What this means — not just for pandas and humpbacks but for all the other creatures of this planet — is that these small rebounds will be short-lived. You can’t protect an animal species without growing and enriching its habitat. And on that measure, humanity continues to fail pretty miserably.

Sure, protected areas for pandas are on the rise, and this has been key in their recent success. But pandas are the literal poster children of conservation, and perhaps the planet’s most charismatic animal. Panda breeding programs cost millions and show astonishingly poor results. The pretense is also that the captive animals one day will be released to the wild, although they rarely are, and they tend not to survive long once they get there.

A humpback whale breaches near Sydney, Australia.

Getty Images / Cameron Spencer

What about whales? They’re not doing too badly these days, but only in relative terms … because humans shamelessly hunted the large sea mammals almost to the brink of extinction. The International Whaling Commission banned the commercial humpback whale hunt in 1966, which did allow for a limited recovery. But oceans aren’t getting richer and more biodiverse, and human impacts — like strikes with ship propellers — are on the rise.

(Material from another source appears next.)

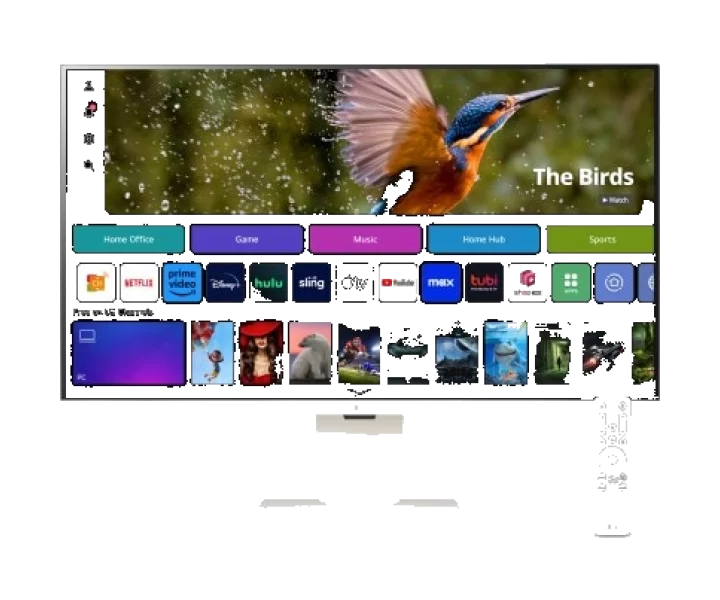 LG 32SR83U-W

Humans like to protect animals by drawing lines on maps and restricting people from going there. It might work for some time, but it’s a shortsighted measure. You can’t tell humpback whales to stay out of shipping lanes, and small patches of bamboo forests will only support a few pandas.

And climate change, of course, respects no borders. A warming climate could destroy 35 percent of the panda’s bamboo habitat in 80 years. Ocean acidification threatens all sea life that depends on making shells, including krill — a primary food source for the humpback whale.

A species-by-species approach to conservation ignores the significant and global impacts humans are making on Earth’s ecology. Creating more protected areas might be better than nothing, but a real change would involve taking a very big step back and working to scale back human impacts on the environment in every aspect of our lives.